For each record below, retype the text exactly and omit any image.

********************

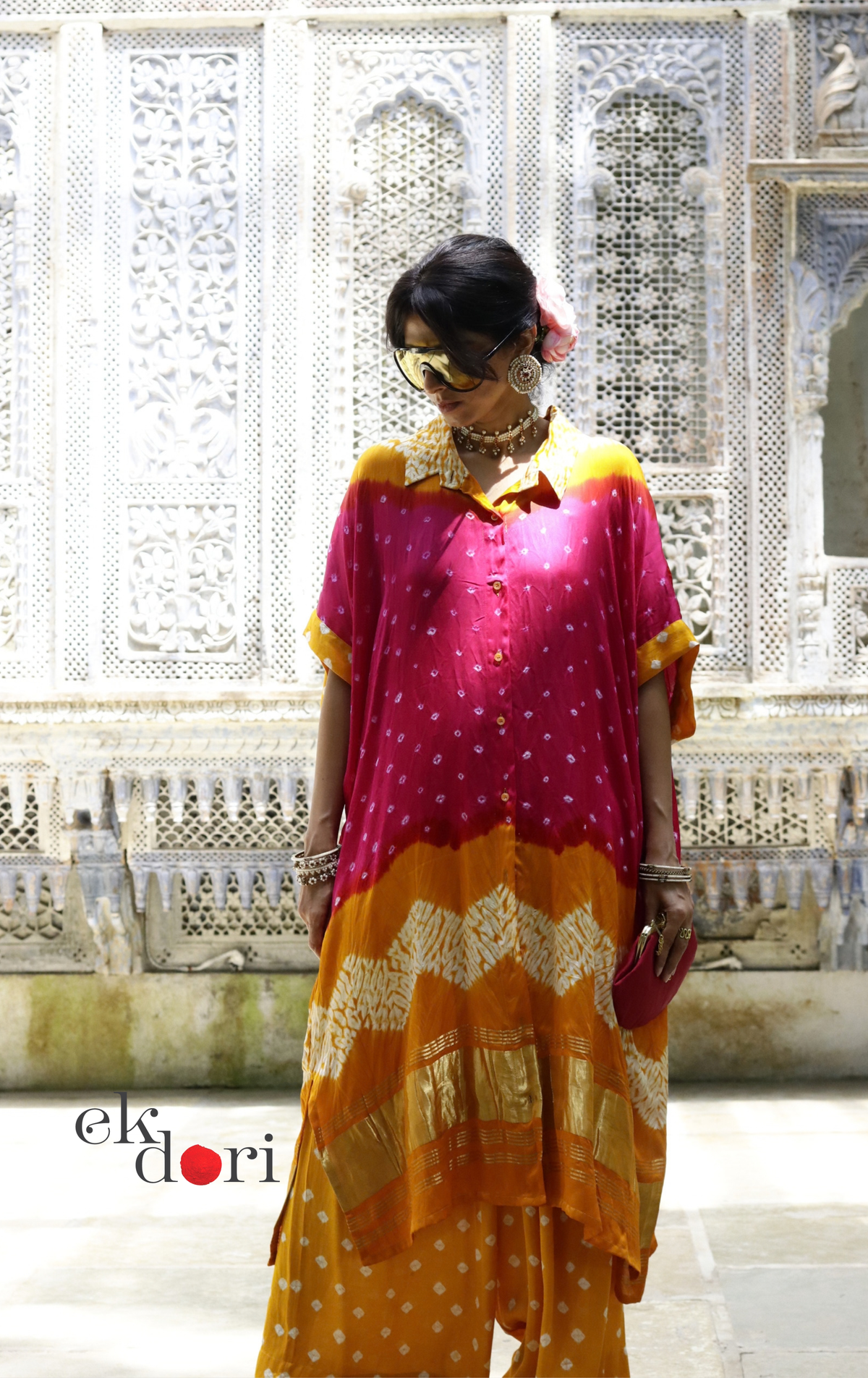 Bandhani Purple Modal Co-ord Set : Buy Kurta Palazzo Modal Co-ord Set 'Peach Sorbet'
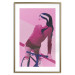 Poster Woman on Bike - woman and bike in pastel pink motif 123363 additionalThumb 16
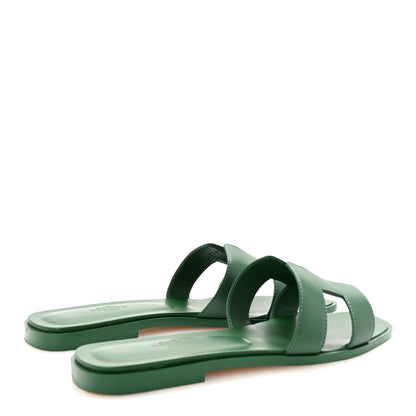 Hermes Calfskin Oran Sandals 38 Vert Electrique 5 of 10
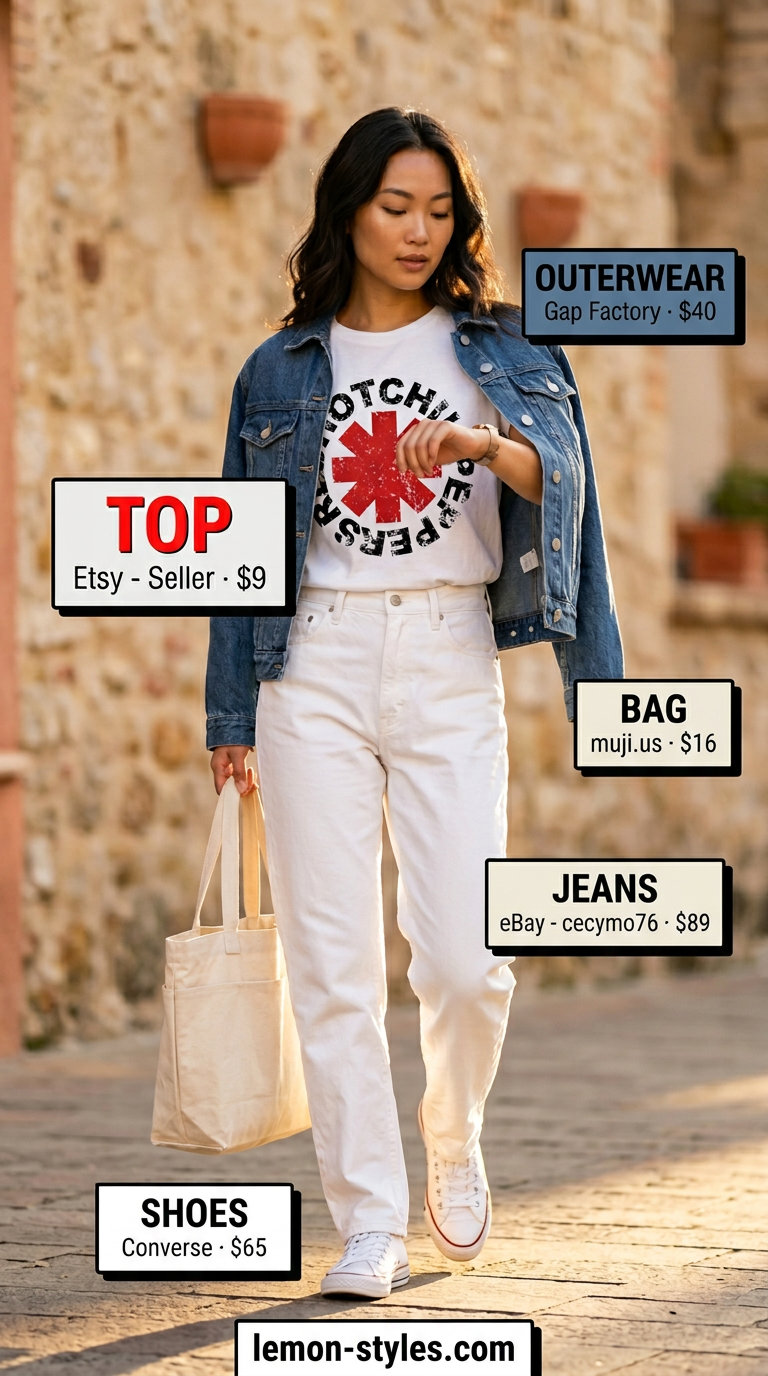 Cool white jeans with graphic tee, denim jacket, sneakers for summer 2026 casual look.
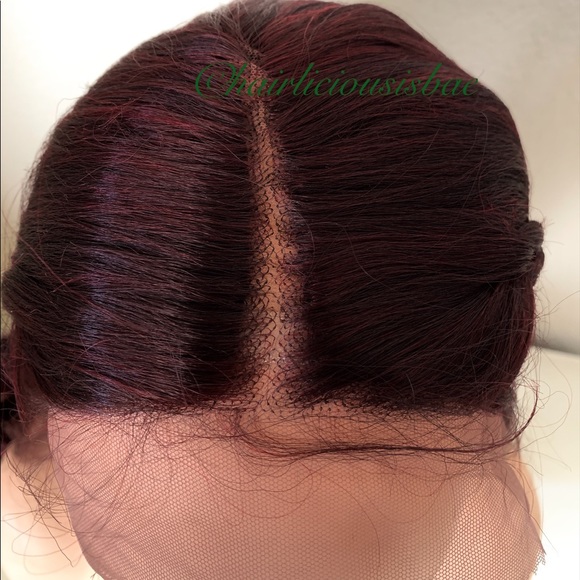 Burgundy wig lace front middle part 24 inch long - Picture 4 of 7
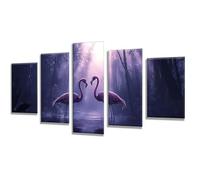 5 Packs Grande Diamond Painting Bosque Grulla de corona roja Manualidades Adultos, Diamond Painting Niños, 5D DIY Full Drill Punto de Cruz Cuadros Diamantes Kit, Decoración Hogar Regali 50x30cm q-502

********************

## Written solution
 Bandhani Purple Modal Co-ord Set : Buy Kurta Palazzo Modal Co-ord Set 'Peach Sorbet'
 Poster Woman on Bike - woman and bike in pastel pink motif 123363 additionalThumb 16
 Hermes Calfskin Oran Sandals 38 Vert Electrique 5 of 10
 Cool white jeans with graphic tee, denim jacket, sneakers for summer 2026 casual look.
 Burgundy wig lace front middle part 24 inch long - Picture 4 of 7
 5 Packs Grande Diamond Painting Bosque Grulla de corona roja Manualidades Adultos, Diamond Painting Niños, 5D DIY Full Drill Punto de Cruz Cuadros Diamantes Kit, Decoración Hogar Regali 50x30cm q-502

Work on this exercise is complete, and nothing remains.